Marketing & Cybersecurity: Convergence or Collision?
At one time, the relationship between marketing and cybersecurity might have been prickly: marketers lean into digital experience and personalization, relying on large amounts of data and a desire to move quickly, test different outreach strategies, and use a variety of tools (especially freemium!), all under the constant pressure to grow revenue. To cybersecurity teams, this “move fast and break things” approach can present an existential threat to enterprise security.
I consider myself vigilant and skeptical enough not to be taken in easily by a cyber scam, but no one can maintain hyper-vigilance indefinitely, and sometimes we’re just moving too fast. I’ve felt the cold horror half a second after clicking a link and realizing it was a very well-constructed phish. It’s times like that when a marketer wishes they had closer alignment with the cybersecurity team.
Now, rather than colliding, marketing and cybersecurity folks appear to be moving toward a convergence of shared goals, and boy, is it needed. This entente cordiale comes as bad actors are learning to unleash AI in advertising fraud and malvertising, as AI bots are beginning to write their own rules, and easy vibe coding of websites leaves them open to cyberattack. The barbarians are at the gate, and marketers need the security folks now more than ever.

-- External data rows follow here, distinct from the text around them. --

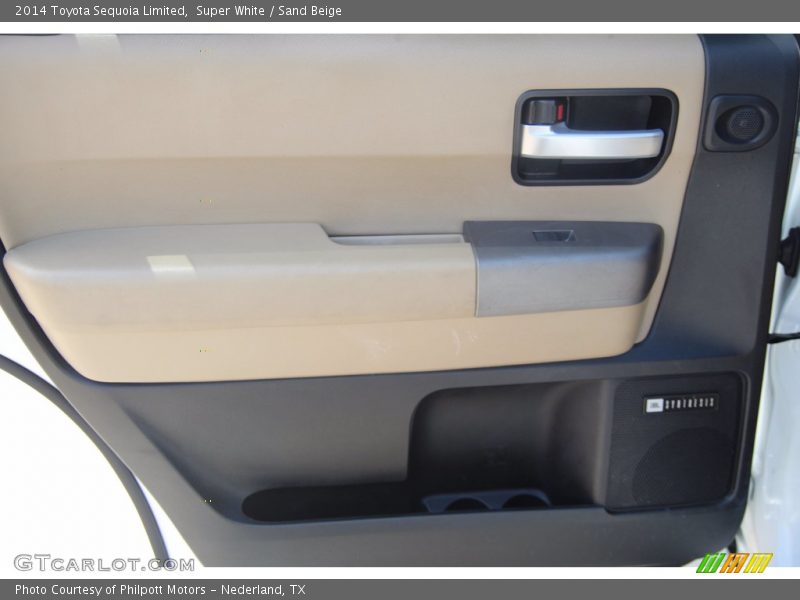 Super White / Sand Beige 2014 Toyota Sequoia Limited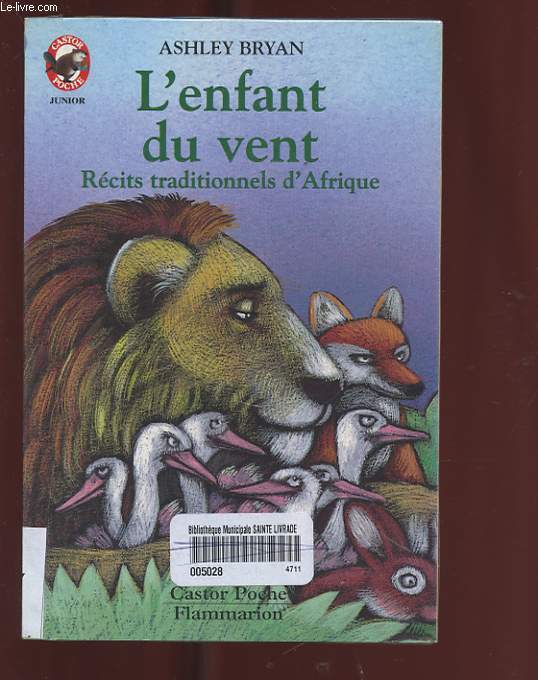 L'ENFANT DU VENT. RECITS TRADITIONNELS D'AFRIQUE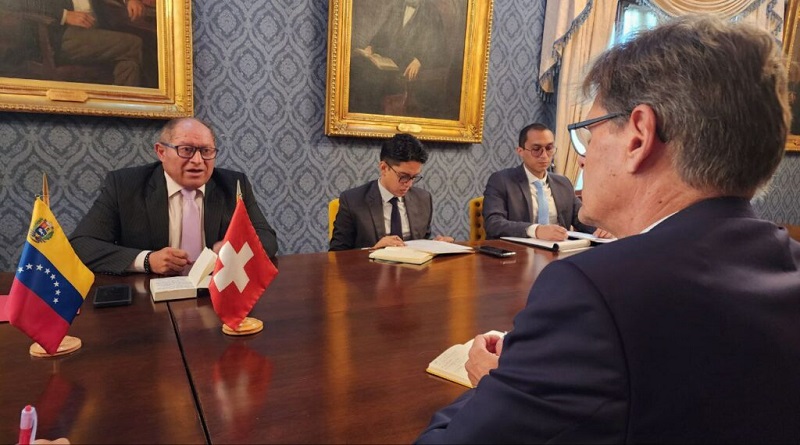 Venezuela y Suiza sostienen reunión técnica en materia de gestión de riesgos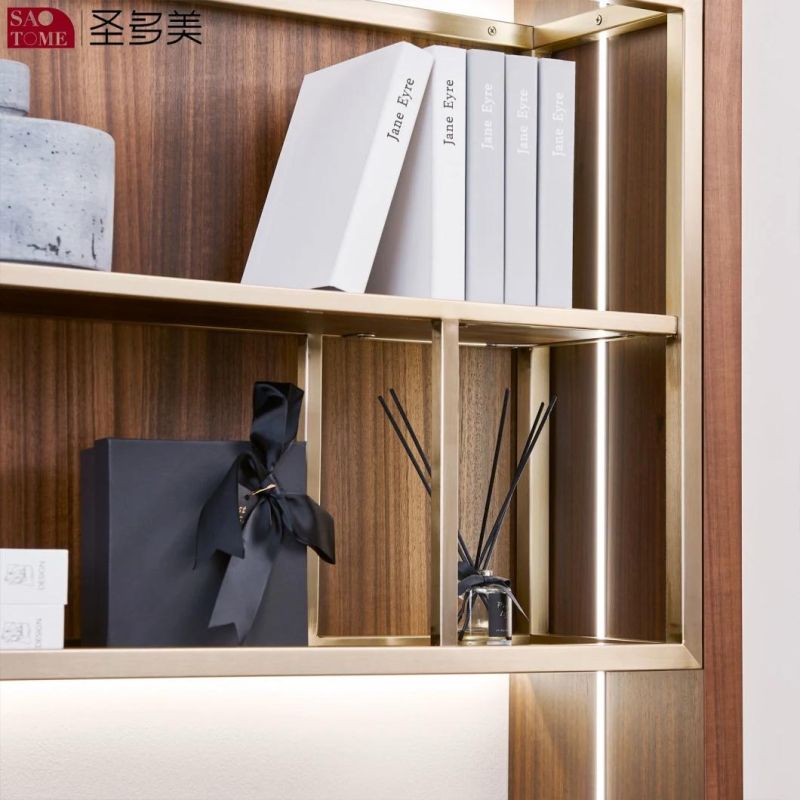Modern Home Hotel Apartment Bookcase Partition Cabinet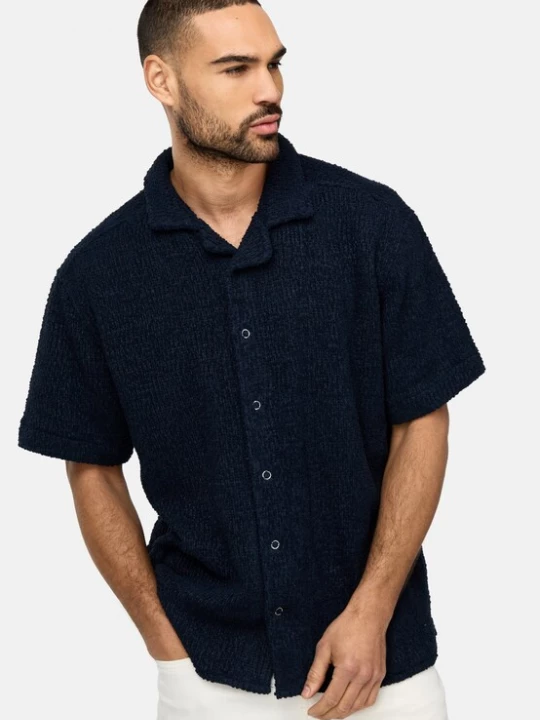 Foto van product INDICODE JEANS Overhemd 'Raney' navy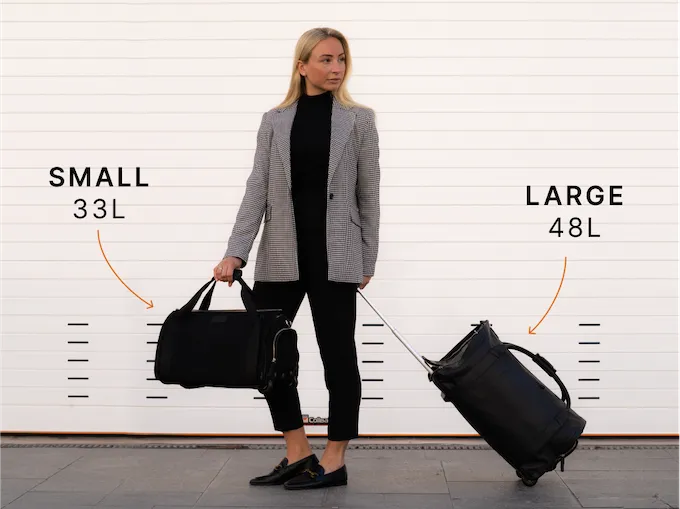 🔥 The Convertible Duffle Garment Luggage w/ Wheels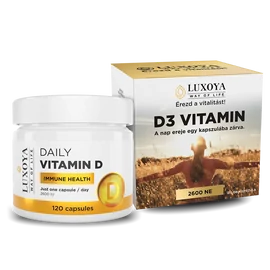 LUXOYA D-Vitamin 2600 NE - 120 db 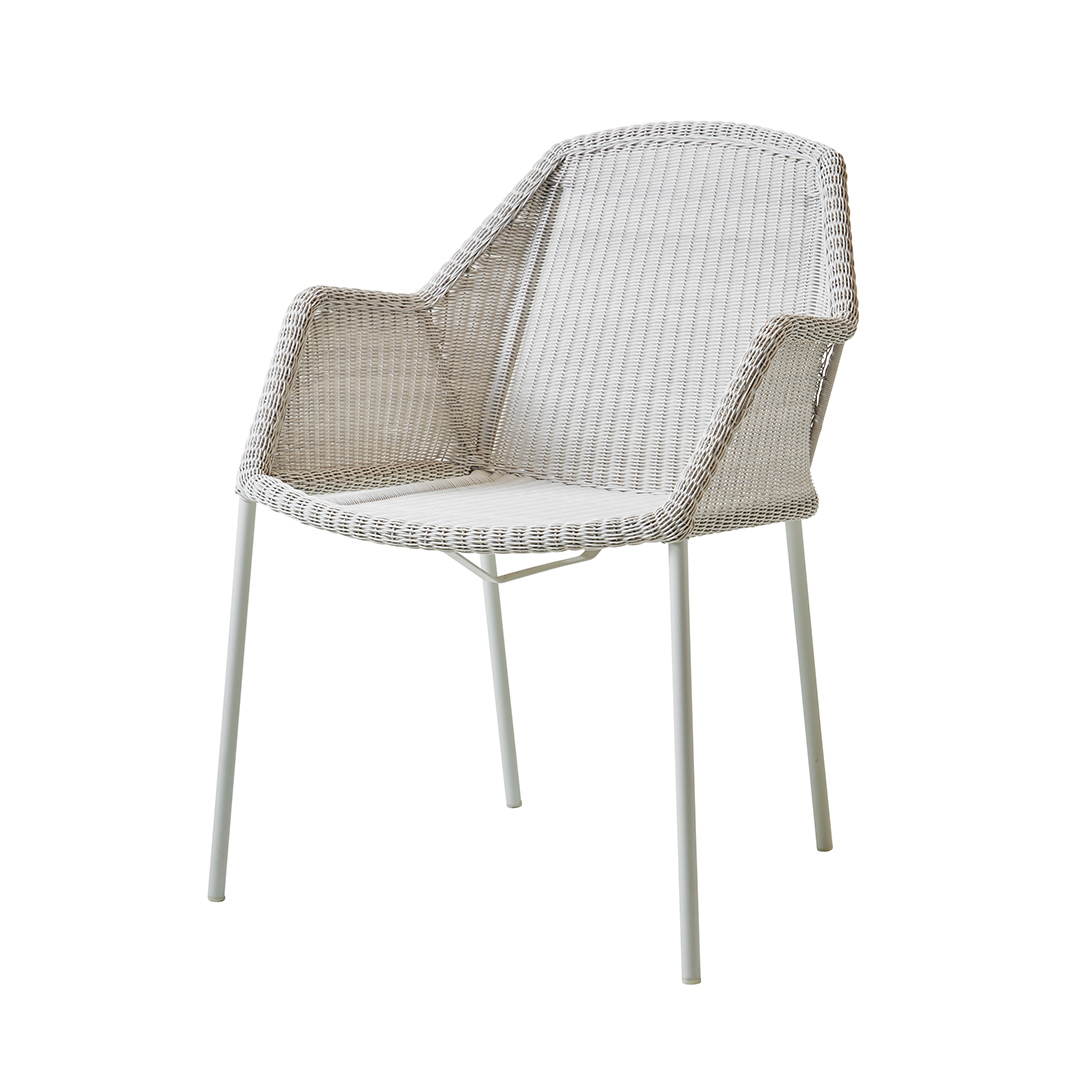 cane line breeze sessel white grey 78499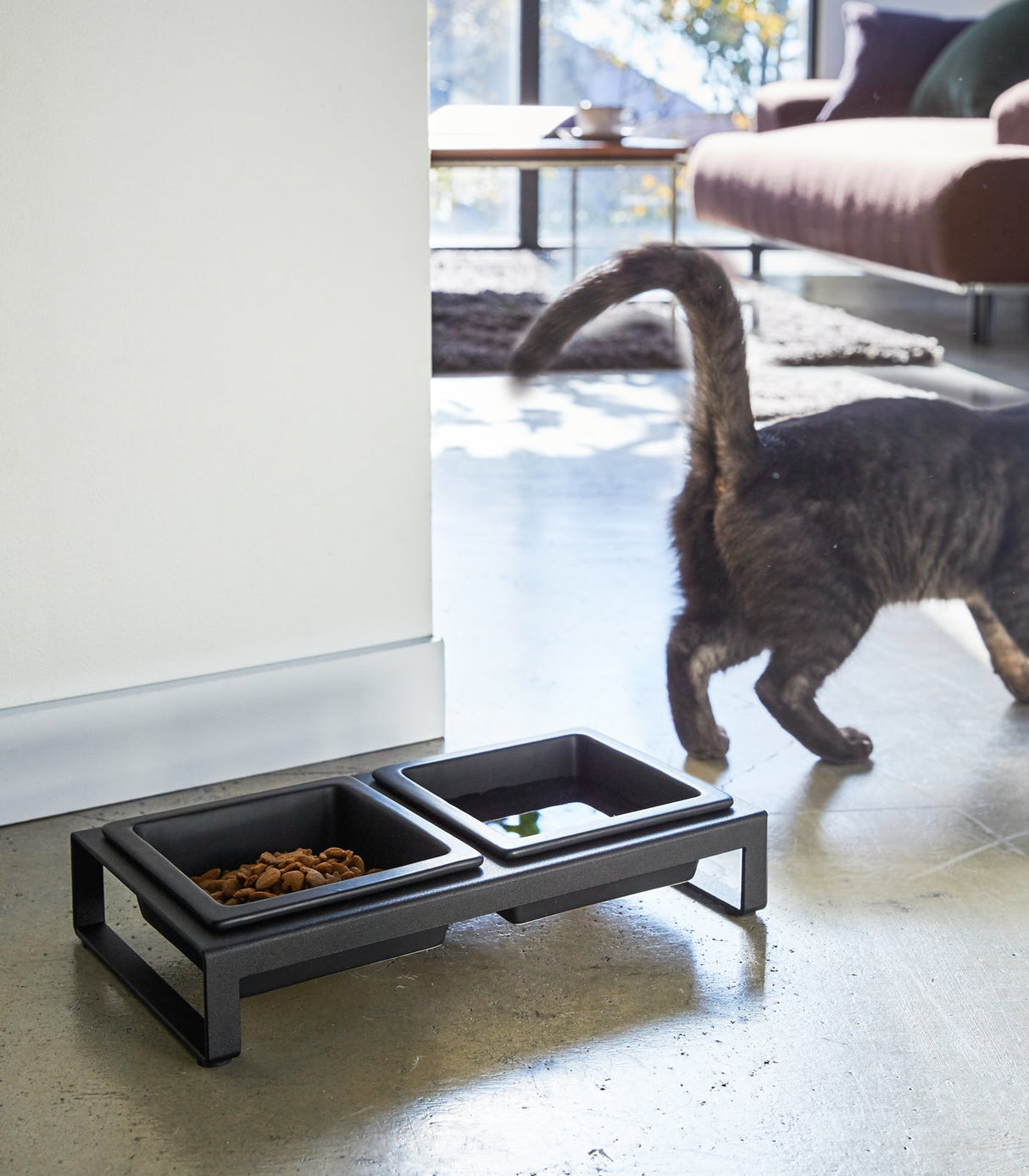 Pet Food Bowl - Steel + Ceramic-Pets-Parc Decor
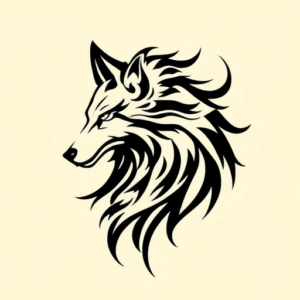 Tribal Wolf Tattoo
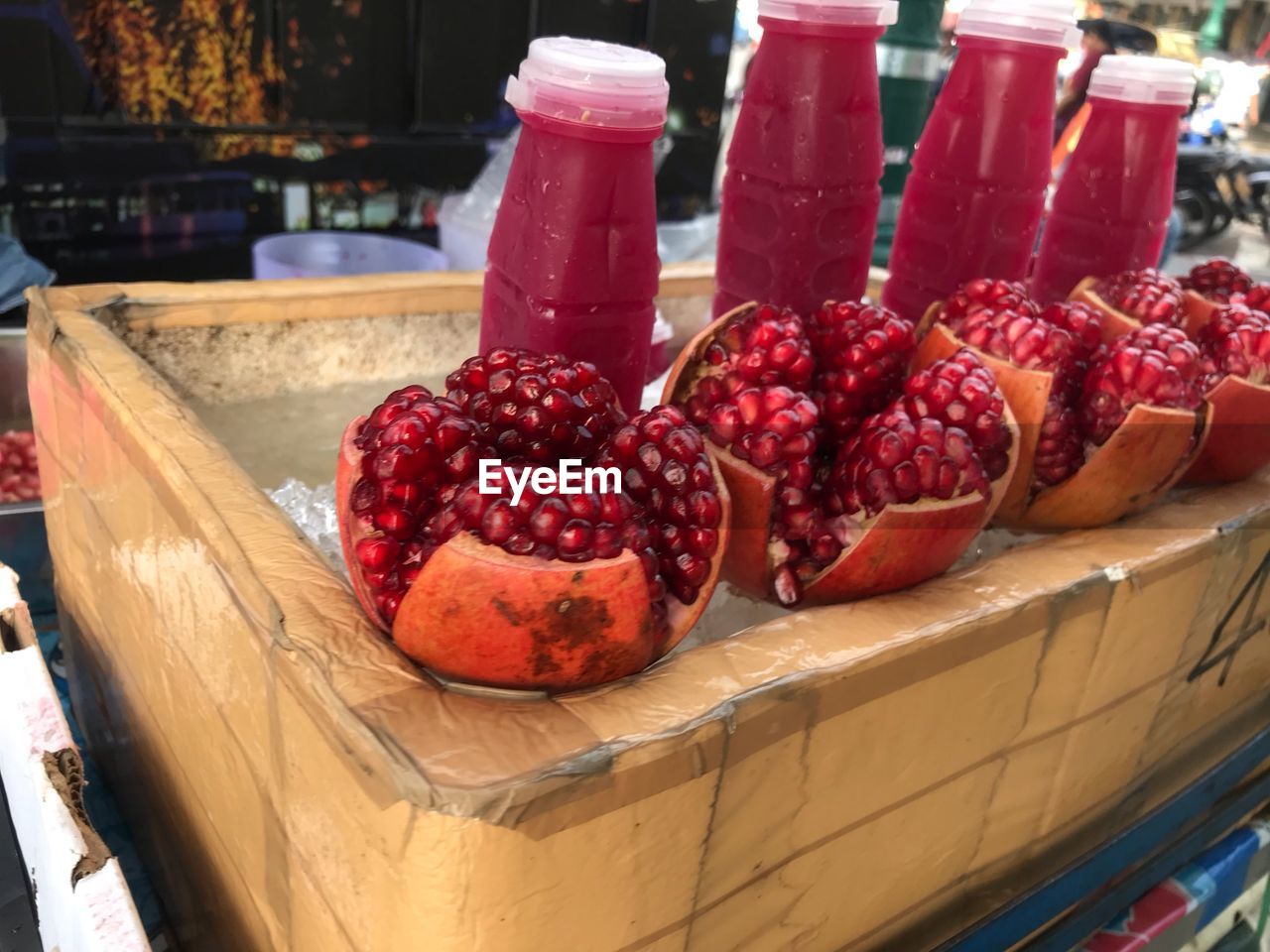 Close-up of strawberries in container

So what might a new age of cozy cooperation look like? Here are three areas to consider:
- Trust and Data Protection: Marketers need to operate by cybersecurity’s foundational principles. Rather than our tendency to collect everything, we must shift to a privacy-by-design mindset. This is an opportunity to build trust in the brand using campaigns and experiences to highlight for the customer how their data is protected. Instead of compliance as a chore, it turns it into a competitive advantage.
- Partnership on AI Governance: Phishing and other attacks are more sophisticated than ever, making both IT security and marketing’s customer-facing initiatives more vulnerable. Marketers must take defensive AI tools provided by the cybersecurity team, like automated threat detection tools, use them, and communicate their value to buyers.
- Enterprise Security Integration: Since digital customer experience and personalized marketing rely on unambiguous customer identity verification and management, marketing teams must ensure their systems are integrated with enterprise security efforts. When the cost of failure is a customer data breach, protecting customer Personally Identifiable Information (PII) should be welcomed as a shared responsibility to head off potentially huge brand and revenue crises.
While the present looks a lot like the Wild West, in which both the good and the bad guys see AI as the key to either strengthening or destroying the security environment, if marketing teams can work collaboratively with their cybersecurity counterparts, the future may yet be bright.